🎓 Phishing Debrief

5 Minutes to Better Security Awareness

⏱️ This takes about 5 minutes. Read it now or bookmark for later.

📊 Why Phishing Still Works

The Reality

Phishing has existed since the 1990s. Email security has gotten better. Yet phishing is still the #1 cause of data breaches.

Why? Because it exploits human psychology, not just technology.

The Numbers

📉 90% of data breaches start with phishing
👥 60% of employees click phishing links in training
📧 1 in 200 phishing emails leads to a breach
💰 $4.29M average cost of a breach in the US

Why People Click

  • They look legitimate — Phishers spend time making emails look real
  • They exploit trust — They impersonate people and companies you know
  • They create urgency — "Act now," deadlines, threats
  • They target emotions — Fear, curiosity, obligation
💭 If you click, you're not careless. You're human.

🎯 The Anatomy of Phishing

The Basic Hook

A phishing email typically:

  1. Claims to be from someone you trust (bank, company, vendor)
  2. Requests immediate action ("Verify," "Reset," "Pay")
  3. Provides a link or attachment
  4. Targets credentials or device access

Sender Red Flags

🚩 Generic greeting ("Dear User" vs your name)
🚩 Suspicious email address (acmecorp@gmail.com vs acme.com)
🚩 Unusual display name ("IT Security" vs a real person)
🚩 Domain variation (acme-corp.com vs acmecorp.com)

Content Red Flags

🚩 Extreme urgency ("Immediately," "24-hour deadline")
🚩 Vague threat ("Compromised" with no details)
🚩 Requests for credentials
🚩 Poor grammar or formatting

Process Red Flags

  • Email asks to click a link to reset password → Real systems ask you to log in directly
  • Email asks to "verify" your account → Real systems prompt you inside the app
  • Email requests payment → Real invoices come through procurement
  • Email has suspicious attachment → Exe files, zip archives with odd names

The Trick

The most sophisticated phishing uses legitimate business context.

  • Real project names
  • Actual manager names
  • Known vendor names
  • Familiar business processes (invoicing, benefits, passwords)

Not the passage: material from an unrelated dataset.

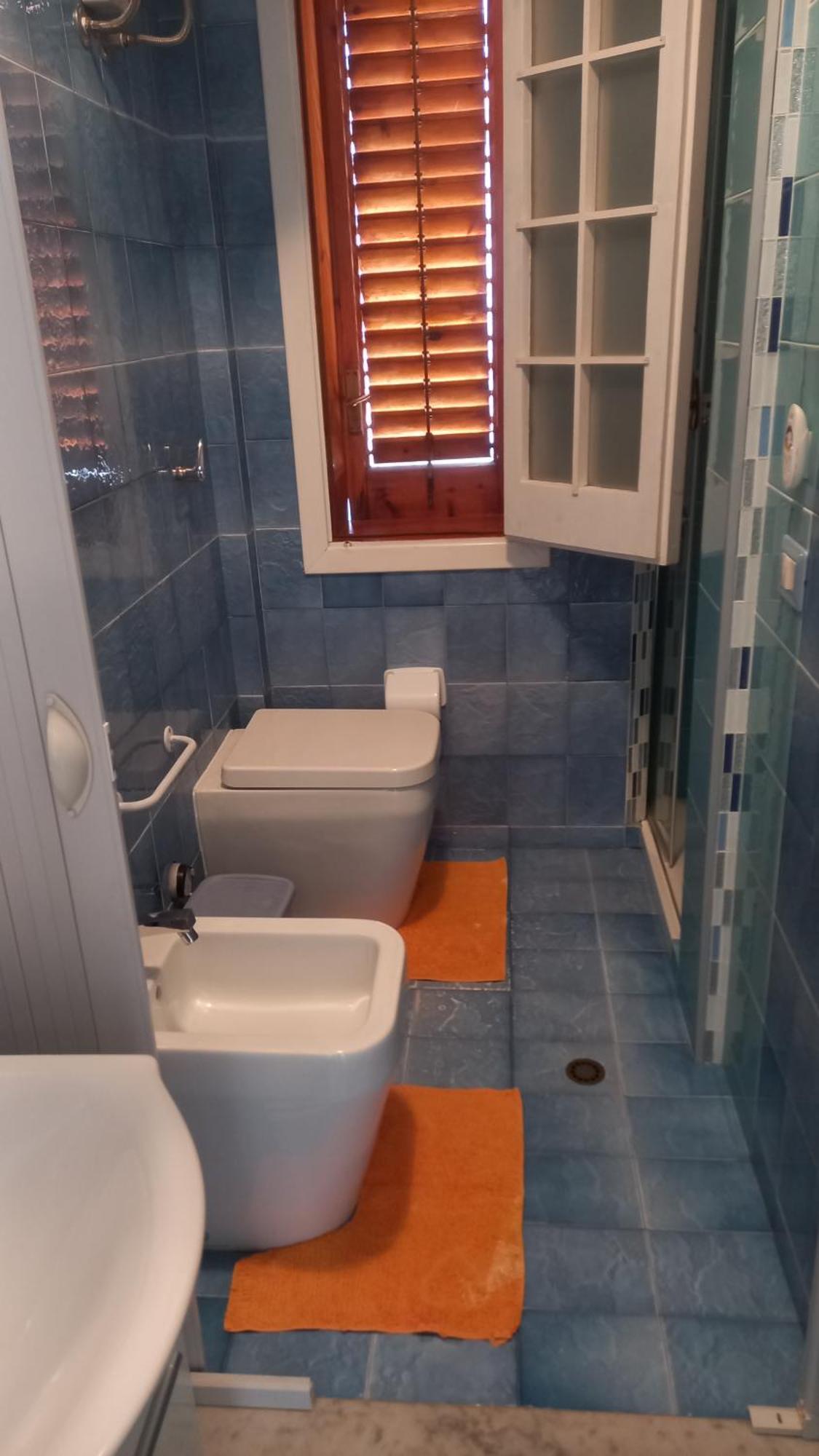 Attico Bellavista Villa Marina di Ragusa Eksteriør bilde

This is why phishing is so effective — it exploits normal business operations.

⚔️ Your Defense Arsenal

The Golden Rule

When an email asks you to take action, go directly to the system instead of clicking the email link.

Before You Click

  • Read the sender address (not just display name)
  • Hover over the link to see where it actually goes
  • Ask yourself: "Is this how they normally contact me?"
  • When in doubt: Go to the company directly (website, phone)

Examples of Direct Access

  • Password reset email? → Go directly to your email/portal login
  • Invoice email? → Go directly to your AP system
  • Calendar invite? → Check your calendar directly
  • MFA verification? → Log into the app directly

Verify, Verify, Verify

For unusual requests:

  • Don't use contact info from the email
  • Call the person using a known phone number
  • Ask your manager if you're unsure
  • Use official websites (not email-provided URLs)

Report Suspicious Emails

  • Report to {{reportingEmail}}
  • Don't click (if you haven't already)
  • Don't forward to friends to warn them
  • Let security handle the investigation

🔄 Building Lasting Awareness

What Research Shows

📉 One-time training is largely forgotten in 2–3 weeks
📈 Repeated exposure improves recognition by 30–50%
💪 Practice over time builds automatic skepticism

Your Role

Phishing simulations are training. Each one is a chance to practice:

  • ✅ Pausing before clicking
  • ✅ Checking sender addresses
  • ✅ Recognizing red flags
  • ✅ Verifying unusual requests

Going Forward

  • Expect phishing simulations — they're training, not gotcha moments
  • Use them as practice
  • When you spot real phishing, report it
  • Build skepticism without paranoia

🎯 3 Things to Remember

1. Phishing exploits human nature.

If you clicked, you're in good company — most people do under pressure.

2. Red flags are learnable.

With practice, spotting phishing becomes automatic.

3. Reporting is a superpower.

Every report protects your team and your organization.